## [Work item]
Return only what runs from the line containing "Eurographics cottage lighthouse" through the last line of the entries below, exactly, omitting pictures.

### Given entries ###

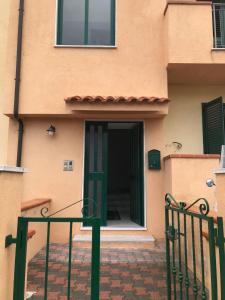 ein Gebäude mit einer grünen Tür und einem Zaun in der Unterkunft Appartamento Bellavista in Roccella Ionica
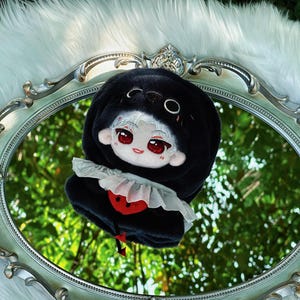 May include: A plush doll with a black hooded outfit and a white ruffled collar. The doll has a white face with red eyes and a red heart design on the front. It is set on a decorative oval mirror with a white fur background.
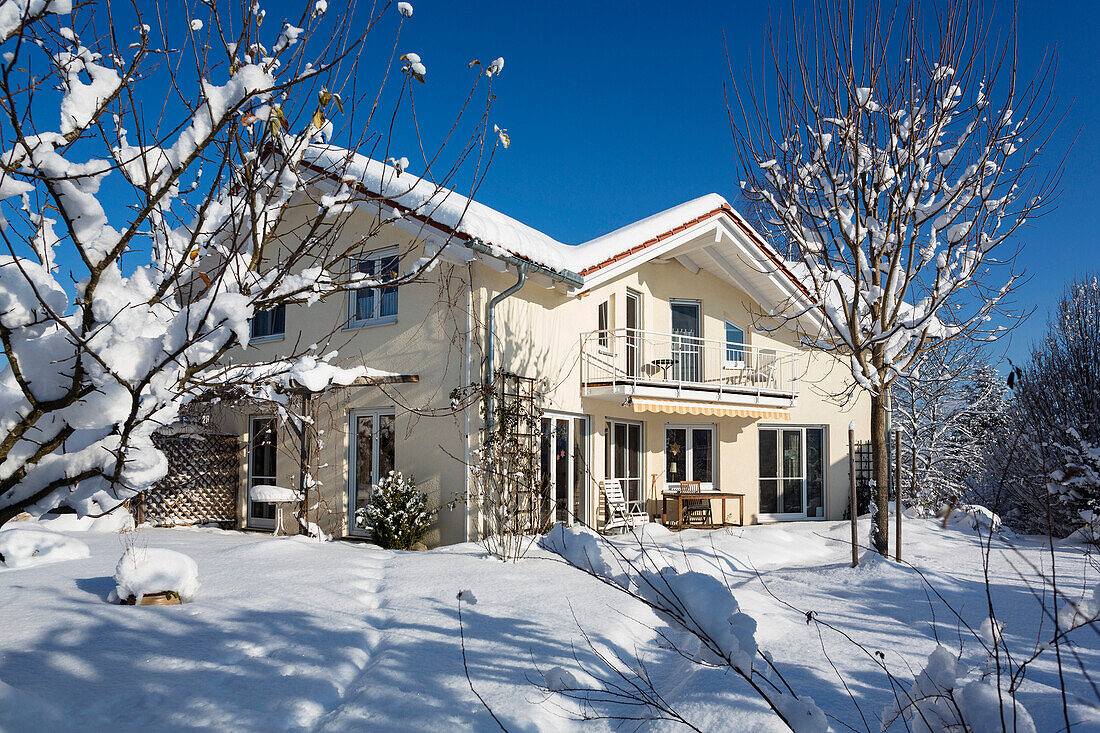 Detached family house with garden in winter, Upper Bavaria, Germany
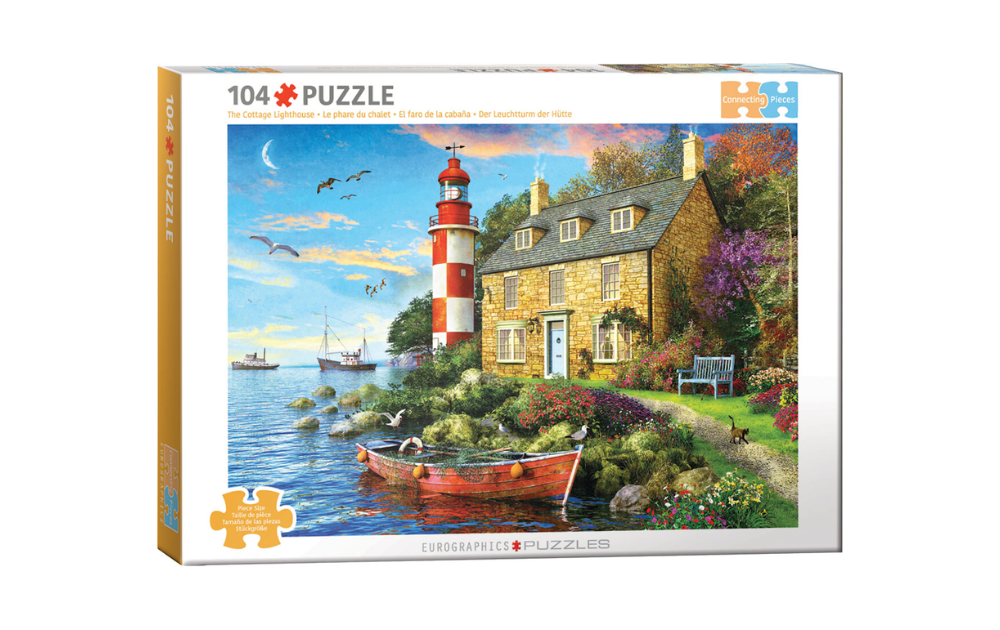 Eurographics cottage lighthouse jigsaw puzzle depicting stone seaside cottage with red white lighthouse and rowboat and garden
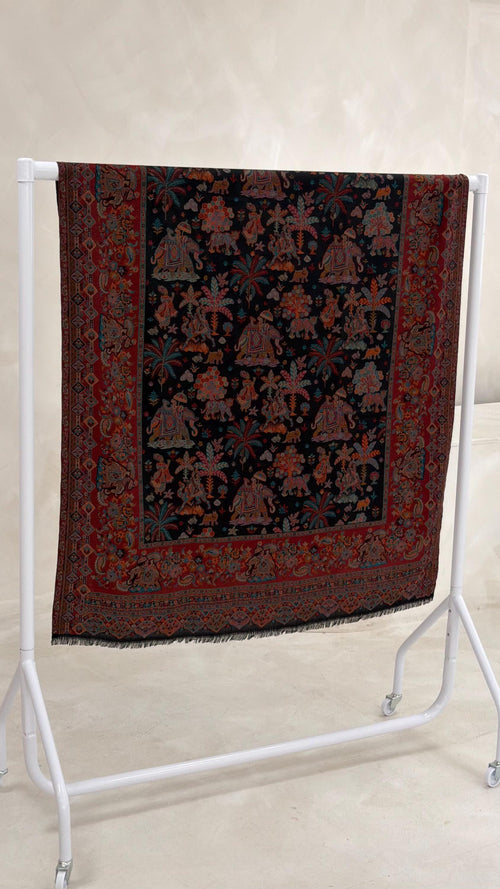 black patterned pashmina shawl scarf with intricate patterns on a white stand against a light background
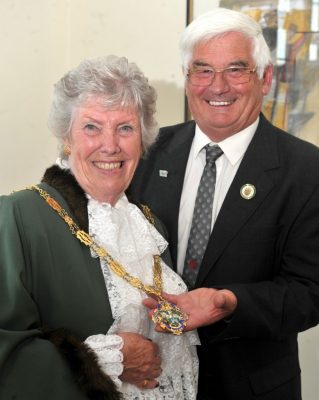 Female Mayor standing next to a man in suit holding the Mayoral chain.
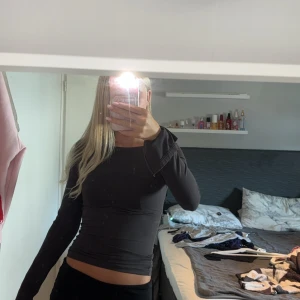 Mörk grå långärmad topp - Säljer en mörkgrå långärmad topp som är tight och perfekt för höst och vinter. Den har en enkel och stilren design som passar till det mesta. Toppen är i bra skick och redo för nya äventyr!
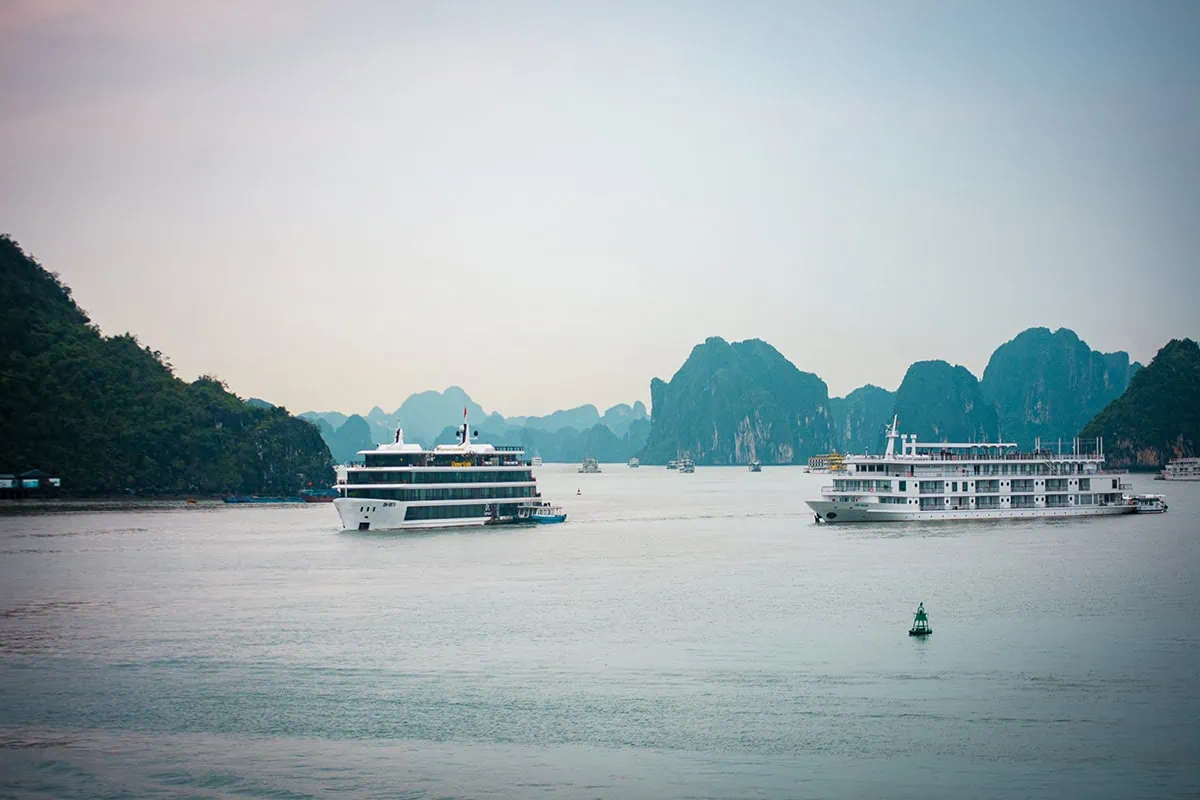 Ha Giang To Ha Long Bay: My VIP Sleeper Bus Experience (2026) 71 Cruise boats on Ha Long Bay surrounded by limestone islands beneath an overcast sky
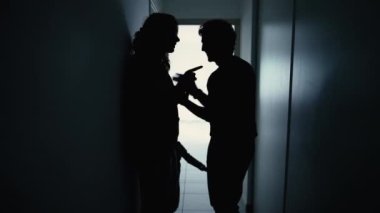 Couple embrace in dark halway during difficult times. Husband hugging parner feeling sorry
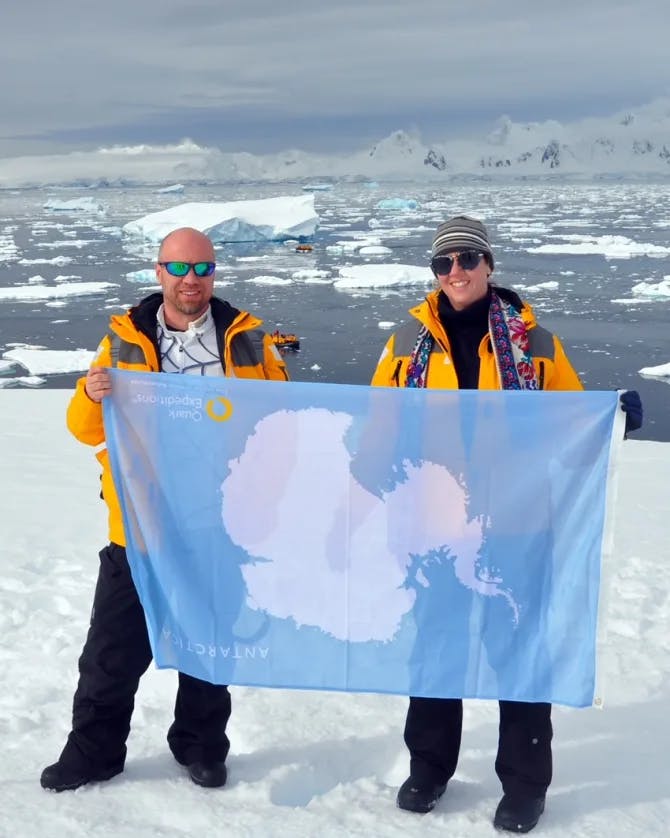 Travel advisor Tammy and male companion in yellow jackets holding a flag in the snow in Antarctica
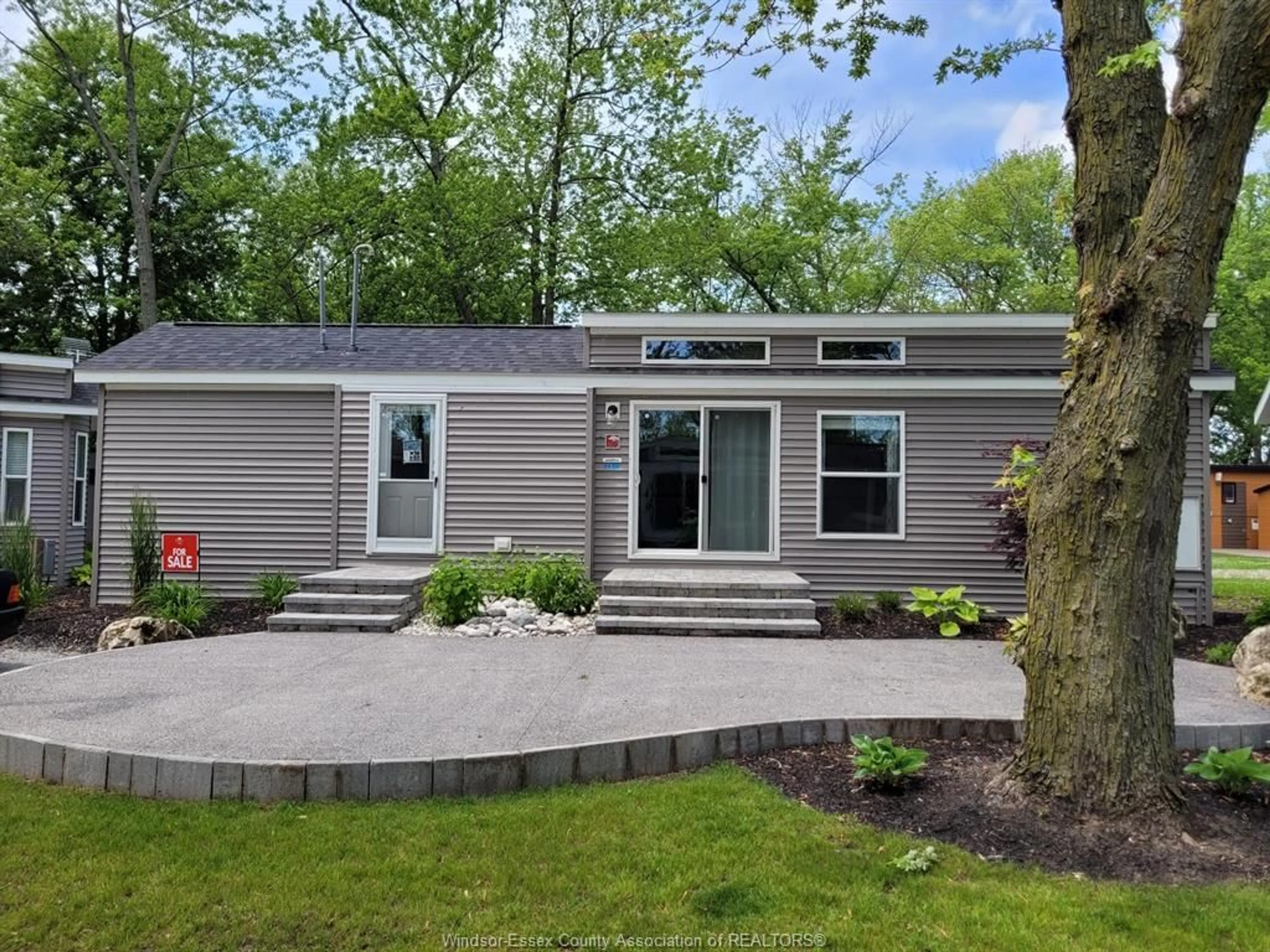Home with vinyl exterior material, street for 981 COUNTY RD 2 #601, Lakeshore Ontario N8L 1B4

###

## [Completed exercise]
 Eurographics cottage lighthouse jigsaw puzzle depicting stone seaside cottage with red white lighthouse and rowboat and garden
 black patterned pashmina shawl scarf with intricate patterns on a white stand against a light background
 Female Mayor standing next to a man in suit holding the Mayoral chain.
 Mörk grå långärmad topp - Säljer en mörkgrå långärmad topp som är tight och perfekt för höst och vinter. Den har en enkel och stilren design som passar till det mesta. Toppen är i bra skick och redo för nya äventyr!
 Ha Giang To Ha Long Bay: My VIP Sleeper Bus Experience (2026) 71 Cruise boats on Ha Long Bay surrounded by limestone islands beneath an overcast sky
 Couple embrace in dark halway during difficult times. Husband hugging parner feeling sorry
 Travel advisor Tammy and male companion in yellow jackets holding a flag in the snow in Antarctica
Home with vinyl exterior material, street for 981 COUNTY RD 2 #601, Lakeshore Ontario N8L 1B4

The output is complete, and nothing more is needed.